Tagesdosis 4.9.2017 – Die nächste Infusion… (Podcast)

Ein Kommentar von Susan Bonath.

Viele leugnen heute die Klassengesellschaft. Selbst für manchen Linken ist Marx »Schnee von gestern«. Dabei liefern die täglichen Nachrichten Zeugnis vom permanenten Klassenkampf von oben. Pure Grundbedürfnisse, wie wohnen, essen und Energie, werden immer teurer. Derweil malochen acht Millionen Menschen für weniger als zehn Euro pro Stunde – Tendenz steigend. Eine politische Lösung bietet keine der Parteien mit Aussicht auf den Einzug in den Bundestag am 24. September.

Ein Begriff beherrscht die Schlagzeilen: Gentrifizierung. Gemeint ist die Vertreibung weniger Bemittelter mittels obszöner Anhebung der Mieten. In immer mehr Gegenden kann sich nur noch die »bessere Gesellschaft« das blanke Wohnen leisten. In Metropolen wie Berlin, Frankfurt und München sowieso.

In Kreuzberg zum Beispiel. Dort wehren sich aktuell Dutzende Mieter gegen ihre Vertreibung. Die Durchschnittsmiete liegt in dem Bezirk bereits bei mehr als elf Euro kalt. Dem sollen die letzten Nischen angepasst werden. Wer als Lohnabhängiger nicht privilegiert ist, kann sich das nicht leisten. Alternativen gibt es kaum. Doch auch in der Provinz geht es zur Sache. Im sächsischen Freiberg will die städtische Wobau Plattenbauten sanieren und die Preise drastisch anziehen. Es trifft die Ärmeren. Davon leben dort viele.

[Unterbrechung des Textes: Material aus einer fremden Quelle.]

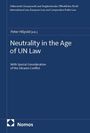 Text: "Neutrality in the Age of UN Law", "Peter Hilpold [eds.]", "With Special Consideration of the Ukraine Conflict". Logo unten.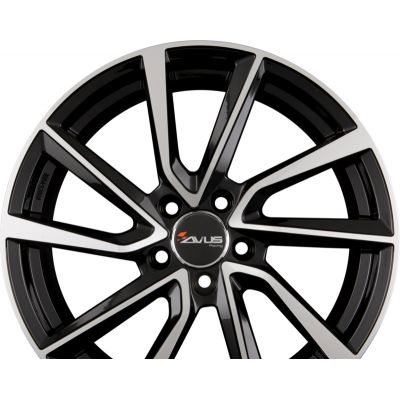 Диски AVUS Racing AC-518 Black Polished R15 W6 PCD4x98 ET30 DIA58.1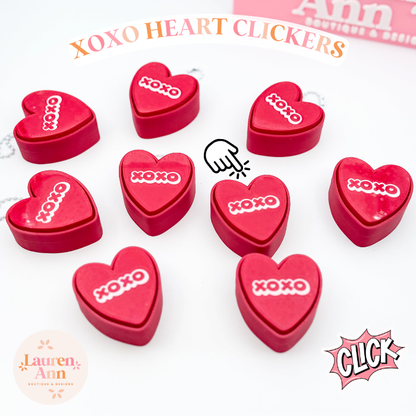 XOXO Heart Clickers - Red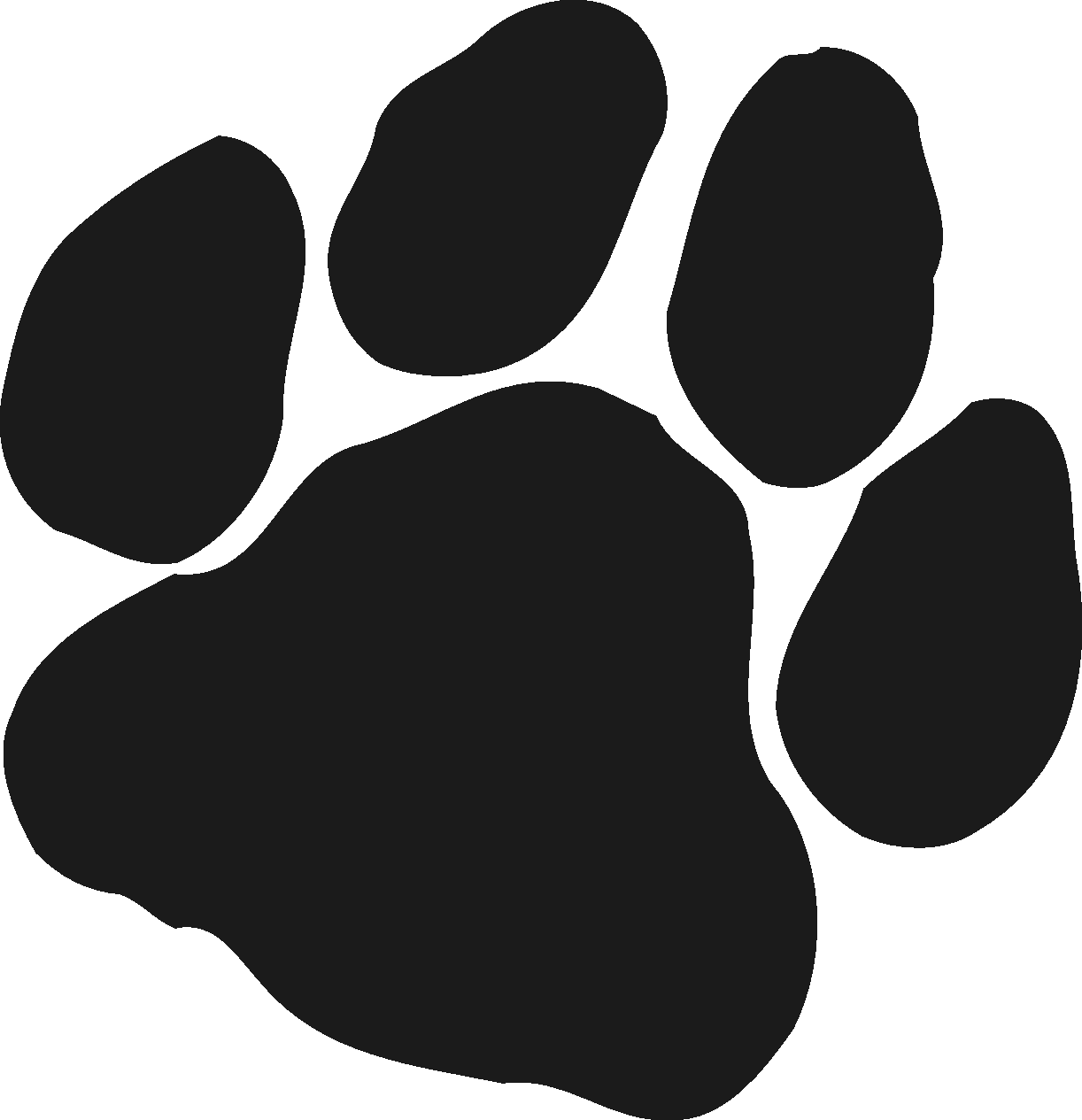 Panther paw print clipart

Das Fazit ist ernüchternd: Im Land, das kürzlich erneut Rekordüberschüsse im Export vermeldete, droht immer mehr Menschen die Obdachlosigkeit. Laut Bundesarbeitsgemeinschaft Wohnungslosenhilfe dürften bereits mehr als eine halbe Million Bürger betroffen sein. Doch nicht nur das: Auch andere Grundbedürfnisse  werden teurer. Vor allem die Preise für Lebensmittel, Haushaltsenergie und Benzin sind erneut gestiegen.

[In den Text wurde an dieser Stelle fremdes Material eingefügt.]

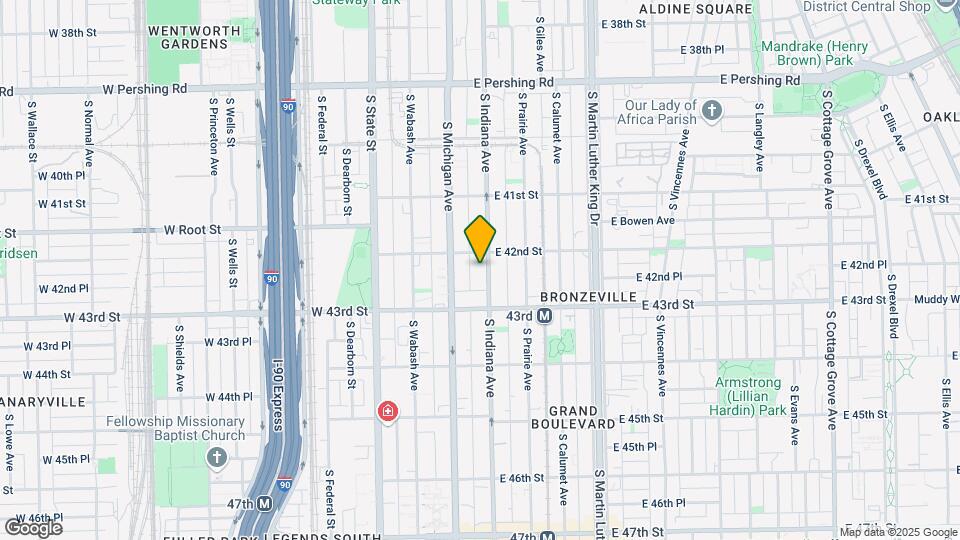 4218 S Indiana Ave Map and Location Details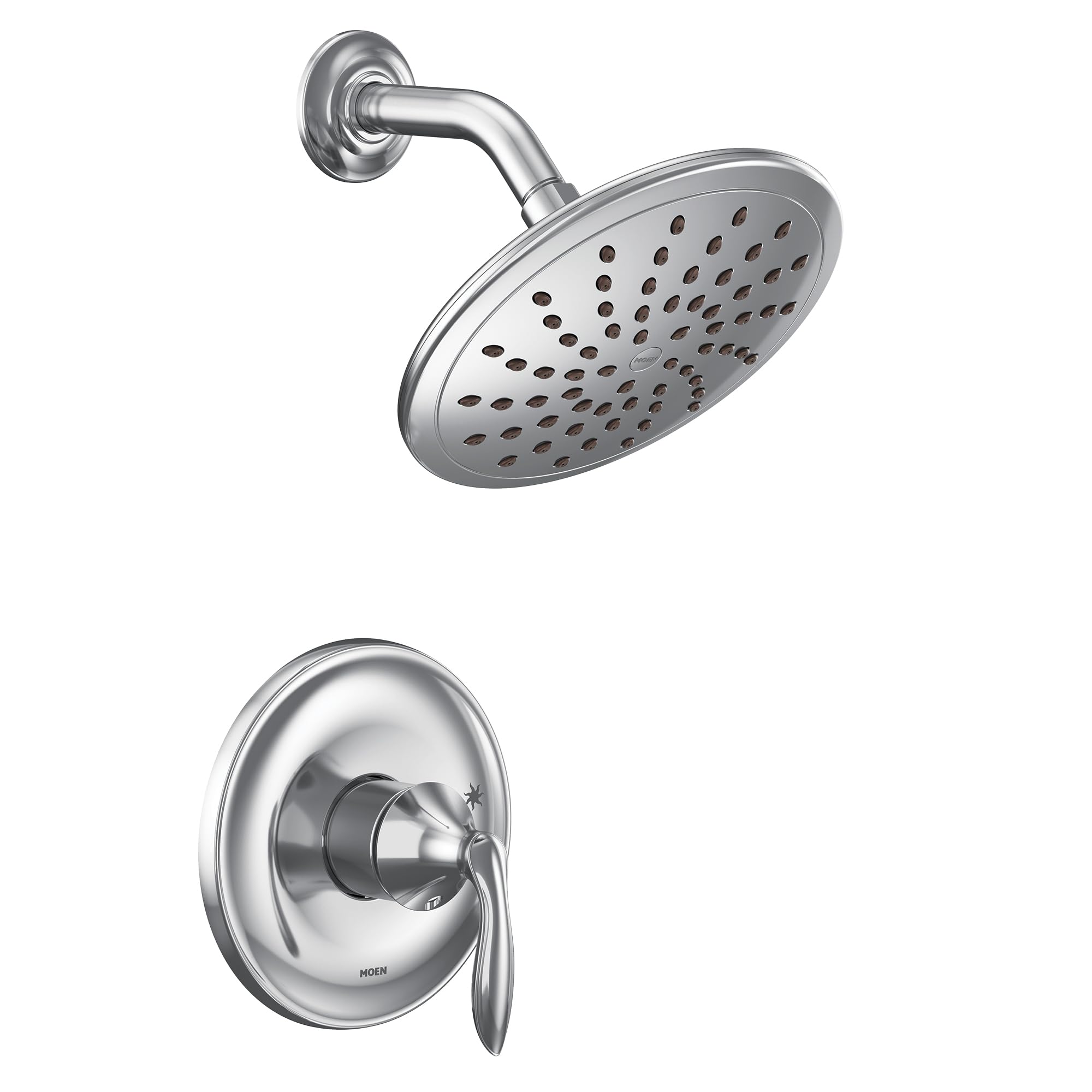 MOEN Eva UT2232EP M-CORE 2-Series 1-Handle Shower Trim Kit in Chrome (Valve Required)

Nun ist das Streben nach Rendite die Antriebskraft im Kapitalismus schlechthin. Beherrscher globaler Märkte verleiben sich mittlerweile Konkurrenten im Tagesgeschäft ein oder schalten sie aus. Sie bestimmen über Angebot und Preis. Mit kalkulierter Verknappung befeuern sie ihren Profit. Zu ihren Gunsten deregulieren die Regierenden seit Jahren den Markt und öffnen Tür und Tor für weitere Schweinereien.

Das ist die Zeit für hoch bezahlte »Ifologen«. Der Direktor des Münchner Ifo-Instituts Clemens Fuest durfte am Wochenende im Focus dem frustrierten Volk die Ideen der Herrschenden unterbreiten. Die lassen sich knapp umreißen: Gewerbesteuer weg, ermäßigter Mehrwertsteuersatz weg, alle Preisbremsen weg, Arbeitsrechte weg, kostenlose Bildung weg, Ideen von Grundrente und Vermögenssteuer weg, weiter so beim Sozialabbau.

Schuld an der Entwicklung sind keineswegs die Flüchtlinge, wie die AfD gerne behauptet. Sie sind nur ein Symptom der imperialen Hardcore-Außenpolitik zur Wohlstandswahrung der Besitzenden. Im krisenkranken Kapitalismus im Endstadium will Fuest – ebenso wie fast alle Parteien von rechtsaußen bis linksliberal – den »allheiligen« Wettbewerb befeuern. Das sagt er ganz klar. Übersetzt: Er will den Patienten mit allen Mitteln am Leben erhalten. Vermutlich notfalls auch mit Faschismus.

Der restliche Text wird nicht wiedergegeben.